Higher Expectations
There is little question that as a consequence of first the accounting scandals and later the financial crisis, the expectation of what boards can do has never been higher. “Where was the board?” is one of the most frequently asked questions in the aftermath of any corporate scandal, followed quickly by assessments of what individual board members bring to the company, the length of their tenure, their relationship to management outside of the boardroom and their capability to exercise their role as the shareholder’s representative.
Bethany McLean is the coauthor of The Smartest Guys in the Room, which documented the rise and fall of Enron, and All the Devils Are Here: The Hidden History of the Financial Collapse. In 2001, while a senior editor at Fortune, she wrote “Is Enron Overpriced?” That article was among the first to raise questions about the energy giant’s business model.
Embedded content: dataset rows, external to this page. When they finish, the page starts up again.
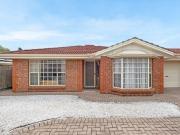 Spacious & Low Maintenance Homette in a Prime Position
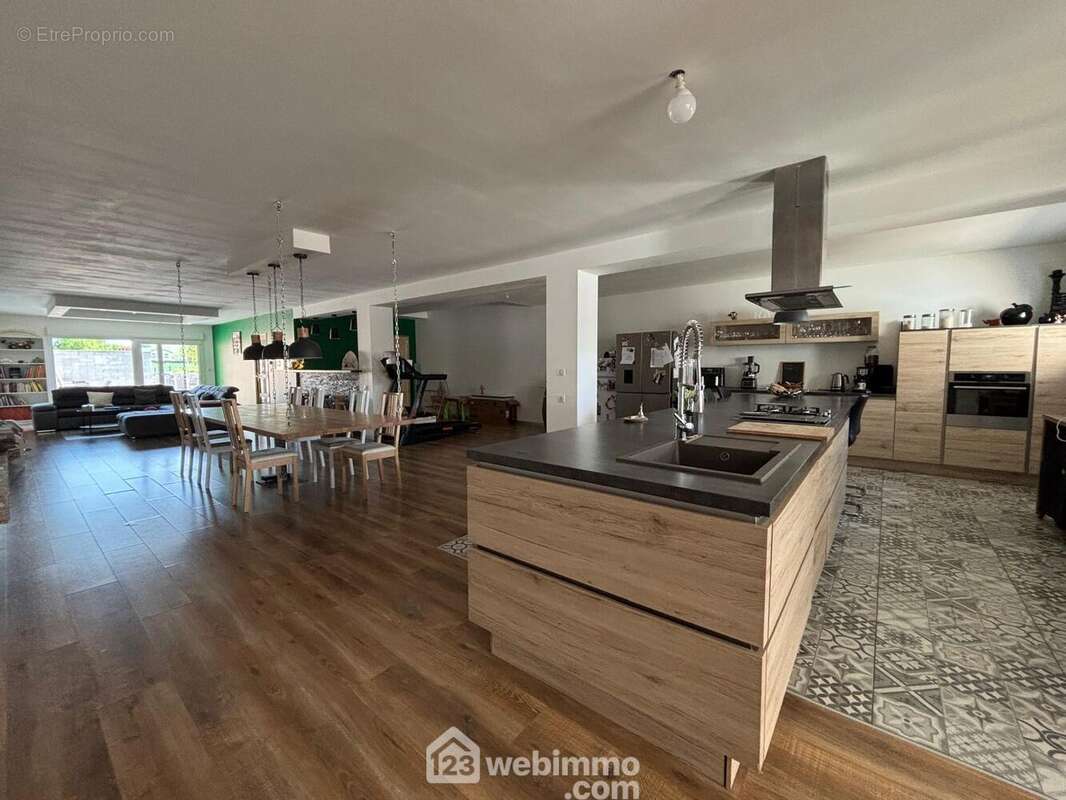 Cuisine ouverte sur une incroyable pièce à vivre - Maison à VERDUN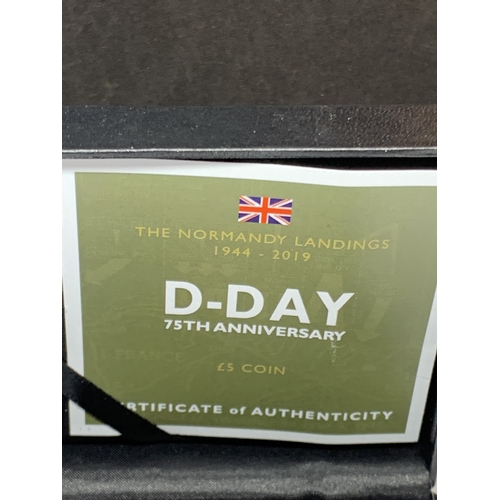 426 - A D DAY 75TH ANNIVERSARY £5 COIN WITH COA IN A PRESENTATION BOX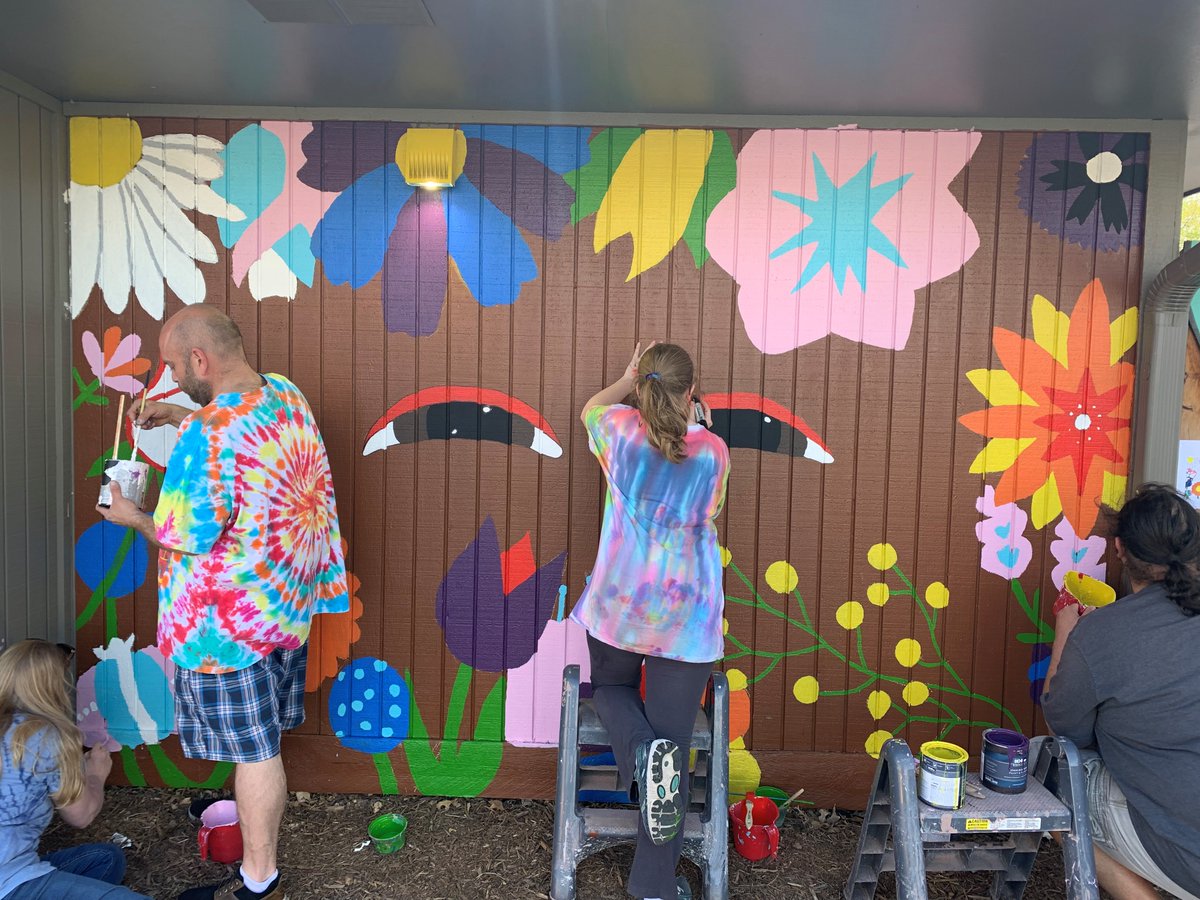 UNL Global Experiences (@unlglobalex) on Twitter photo On Saturday, four Peace Corps Prep students volunteered at the <a href="/LUX_Center/">LUX Center for the Arts</a>, helping paint a mural based on the work of seventh-grader Presley Shellhase. Presley won the Walk Together art contest, sponsored by the <a href="/ENThompsonForum/">E.N. Thompson Forum</a> in collaboration with LUX and <a href="/ClcLincoln/">Lincoln CLC</a>. On Saturday, four Peace Corps Prep students volunteered at the <a href="/LUX_Center/">LUX Center for the Arts</a>, helping paint a mural based on the work of seventh-grader Presley Shellhase. Presley won the Walk Together art contest, sponsored by the <a href="/ENThompsonForum/">E.N. Thompson Forum</a> in collaboration with LUX and <a href="/ClcLincoln/">Lincoln CLC</a>.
She continues to write about business—and when called in June to ask her opinion on how boards have changed, or been changed, in the past 10 years, she was reflective.
The line between the accounting scandals and the subprime lending debacles that triggered the financial crisis are deep ethical lapses, she suggested. One striking difference is that in the more recent crisis the will to prosecute didn’t exist as fervently as what drove the investigations of the SEC, Department of Justice and other enforcement agencies back in the Enron era. But with or without crackdowns, crises that are later blamed in part on corporate governance failures continue to happen. Why?
According to McLean, who echoed a view shared by others interviewed for this story, directors are simply not capable of knowing what they don’t know, or what they aren’t being told. Directors, she says, “can be very smart and have worked in complex businesses, but if a disaster like the trading losses can happen under the nose of [JPMorgan Chase & Co. Chairman and CEO] Jamie Dimon, who’s considered the smartest banker in America, if not the world, for example, then what kind of chance does a director have in preventing what then happened?”
The Penn State Crisis
Governance failures were again blamed when earlier this year the report of a special investigator hired by the Penn State University board of trustees to review the actions of university officials related to the child sexual abuse committed by former assistant football coach Gerald A. Sandusky was released. During a press conference in Philadelphia, Louis Freeh said, “The board failed in its oversight. They did not create an atmosphere where the personnel and the senior officials were accountable to the board.”
Board Chair Karen Peetz, speaking at a separate press conference in Scranton, Pa., said, “The board of trustees…accepts full responsibly for the failures that occurred.”
Even before Freeh released his report, the Penn State board had started to make needed changes, redesigning its committee structure in March to add audit, risk, legal and compliance. And the report, which included numerous suggestions on how the trustees could improve transparency, operations and communications, sounded all too familiar. The recommendations were focused on the structure, composition, eligibility requirements and term limits of the board. They also pointed to a need to have more independent trustees with no ties to the university.
One veteran director who has served on both private and public company boards, and who asked not to be quoted by name, suggests that all directors read the Freeh Report and simply ask themselves, “Could this be us?”